I was hoping for more concrete strategies. But am mulling over what's been posted thus far.
One thing I have requested recently that has seemed to make a huge difference for me today...
I asked him, when feasible, to add in a call or text when he gets up in the morning, and before he goes to bed when he is not staying here.
It really seems to start my day off on a better foot.
On his working nights, he already was generally giving a call or IM before work, and messaging on his breaks in the evening (multi-texting can make for some frustrating errors.)
I did ask him to just a quick "goodnight" text, to NOT call, on the work evenings when he gets home and his wife is awake because I felt guilty like I was taking away from time they could have alone together (great co-dependant thinking there, eh.)
Originally Posted by km34
working on yourself to get to a point where you're happy that he's happy.
I am happy that he is happy. No problem with compersion towards his relationship with his wife. I love hearing about their happy moments. The strength of his commitment to her is one of the things I admire about him.
My solution to my problem is another partner. In the meantime, I cope. *sigh*
I don't want another partner, though yes it would be both easier and harder for me. Sunshine fulfills every desire I ever knew I had and few I wasn't even aware of, with the exception of time.
I have been actively poly before, when I was with my (abusive, emotionally & more) husband.. but my OSOs then filled the physical and emotional black holes I was coping with. I was able to overcome, for the most part, my co-dependence and low relationship self-esteem issues and begin to detach from that. I wasn't even looking for a partner when S came back in my life.
If I *were* to add another partner I would be shortchanging myself of some of the limited time S and I have together (damn mono thinking - LOL)
in my experience, coping strategies don't work
Curious, what did you try that didn't work?
That can sometimes be just as beneficial to hear as what does.
a choice between that or sitting around pining
I do pine, but I don't sit around pining. I have friends, work, professional activities, family, hobbies that can more than fill the time.
But so often I just want to share those with him. I want to wake up,get a snuggle or hug, and read the paper together, to be able to stroke his back goodnight. I don't want to be joined at the hip, or together 24/7 - that's just not healthy.. all people do need personal time and activities to varying degrees.
How do you and she interact? Do you fight like cats? Could you take or leave the other? Would it be so difficult for her to let you be a larger part of your partner's life? How does he feel about your growing feelings? Is he perhaps not as committed as you are?
And how long have you been together? Just curious.
I've delayed addressing your post to try to keep it more generally focused on suggestions, but will go ahead now...
We have been together a short time, 8 months. But we both loved/longed for each other initially for many years in grade school/high school (starting 34 years ago.) Then we essentially lost contact, joined the military, married, moved away, had kids, and moved back to the home area again.

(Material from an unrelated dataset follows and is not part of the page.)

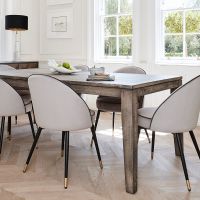 Clearance Hampstead Extendable Dining Table - Antique Grey - S2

We never lost what we both had back then, but were afraid of pursuing further in fear of losing the friendship.
As for his wife, she encourages our relationship, even commenting how it has improved their relationship as well. She knows how committed we are to each other, and of our plans to have a commitment ceremony in the not too distant future. She and I do not have more than passing interaction with each other as her schedule is very, very full to the point of stressful, and she wants to keep what little "me time" she has to herself. I would like to get to know her better, but will not push other than occasional invitations to things I believe she would enjoy. She has agreed to perhaps having a double date sometime when her main OSO is visiting, but does not feel comfortable just the three of us going out and will not consider the just two of us getting together socially in the foreseeable future. Feels a bit odd, considering we all seemed ok together the evening when S and I snuggled on the couch, while she IM'd her main OSO, and their youngest son sat next to her playing videogames. But, we all have our own comfort levels and I respect that.